Il Meeting secondo... Alessandro Menghini

03/09/2019

Intervista

Ho sempre avuto cara una citazione di Einstein che dice: "una volta abbracciata un'idea nuova, una mente non è più la stessa" e ho sempre pensato che tali "idee nuove" che plasmano la mente vengano tanto dallo studio quanto dall'incontro con l'altro, con il prossimo.
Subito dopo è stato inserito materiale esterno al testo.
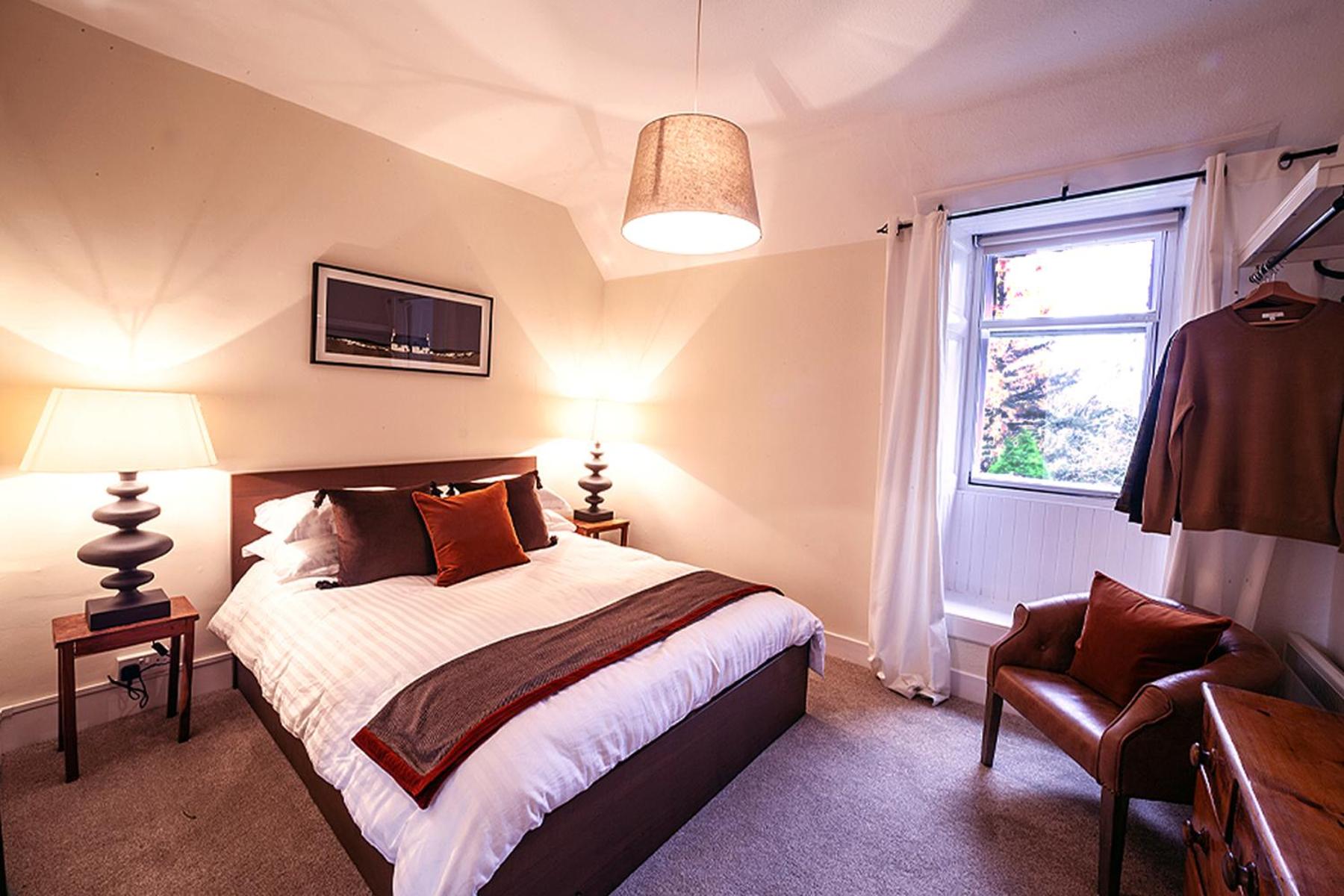 Butler's Apartment. Flat 5, Dalmore House, Helensburgh, Scotland G84 8JP view 2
Non posso quindi che essere immensamente grato a Camplus per avermi concesso l'opportunità di partecipare come volontario, come protagonista, al Meeting 2019 e in particolare allo spazio "What's in our brain?". In parte perché gli incontri a tema neuroscientifico cui ho assistitovhanno dato nuovo smalto alla citazione di Einstein, mostrandomi la reale dinamicità, mutevolezza, delle connessioni neuronali, la loro soggettività, che viene però sempre influenzata dall'ambiente e dall'Altro. Ma soprattutto perché ho potuto prendere parte ad una esperienza, quella del Meeting, che quotidianamente permette a migliaia di persone di fare incontri significativi, tra temi, voci e volti diversissimi tra loro, in cui lo scambio reciproco di idee e suggestioni è spontaneo, libero e naturale e arricchisce le menti di ognuno spesso in modo insperato.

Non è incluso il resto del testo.